Les premiers massacres de Mapuches
Au début du XIXe siècle, l’indépendance du Chili et de l’Argentine déclenchent les premiers massacres de population mapuche, qui vivait alors sur une étendue proche de la surface du Portugal.
Chacun des deux pays, en effet, a des intérêts stratégiques à conquérir ces territoires : l’Argentine pour accéder au Pacifique, le Chili pour prendre le contrôle de la Terre de Feu, et se ménager ainsi un accès sur l’Atlantique. Pendant ces conflits, les Mapuches passent de 1 800 000 à 300 000 personnes, et se retrouvent parqués dans des réserves sur à peine 5% de leur territoire.
Tout au long du XXe siècle, ces persécutions continuent, que ce soit sous la dictature de Pinochet, ou après la transition démocratique de 1989, malgré une brève accalmie sous la présidence de Salvador Allende.
La culture Mapuche
La culture mapuche, de tradition agraire, basée sur la transmission orale et sur une religion centrée sur le culte de la terre et des ancêtres, peine à continuer d’exister. La structure polygame des familles mapuches traditionnelles, mais surtout leur conception communautaire de la gestion des terres agricoles sont autant de traditions qui se heurtent à la logique économique des grands propriétaires fonciers.
Le développement du tourisme, mais surtout l’exploitation forestière, la construction de centrales hydroélectriques représentent des menaces importantes pour l’équilibre et les ressources des territoires mapuches.

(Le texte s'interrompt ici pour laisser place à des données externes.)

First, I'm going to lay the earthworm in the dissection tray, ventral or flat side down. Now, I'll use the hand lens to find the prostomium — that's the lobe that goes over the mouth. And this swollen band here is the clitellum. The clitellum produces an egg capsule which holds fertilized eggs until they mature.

À partir de 1992, l’Etat chilien, par le biais de la « loi indigène », reconnait la dette du Chili à l’égard de la population mapuche ; mais cela ne débouche pas ni sur des mesures concrètes de restitution de terres (pourtant prévue dans le texte de loi), ni sur une reconnaissance officielle de ce peuple.
Résistance
Des mouvements de résistance s’organisent pour lutter contre les expropriations, la déforestation, les discriminations économiques et sociales, mais ils sont régulièrement réprimés au nom des lois anti-terroristes. C’est ainsi qu’environ 400 militants mapuches sont emprisonnés au Chili. Ces mouvements s’accompagnent d’un exode massif vers les villes, notamment vers la banlieue de Santiago, vers Concepcion ou Temuco.
En Argentine, l’une de ces actions contre les grands propriétaires terriens a connu un écho particulier en 2003 : elle opposait un couple Mapuche à l’un des principaux propriétaires fonciers argentins, le groupe industriel italien Benetton, qui possède 9% des terres cultivables de Patagonie, essentiellement pour l’élevage de moutons, et donc la production de laine.
Même si l’entreprise de prospection d’aurifère projetée a finalement ouvert, cet épisode a permis une large mobilisation de la communauté mapuche argentine, et a contribué à faire connaitre cette population au-delà du continent sud-américain.
Dernièrement, en janvier 2013, la question de la population mapuche est revenue sur le devant de la scène au Chili : un sommet à Temuco a réuni des centaines de dirigeants mapuches pour réclamer l’arrêt des violences et la reconnaissance de leur peuple. Des négociations ont été entamées avec le gouvernement chilien, dans un contexte de violence accrue après plusieurs attaques contre des propriétaires terriens chiliens.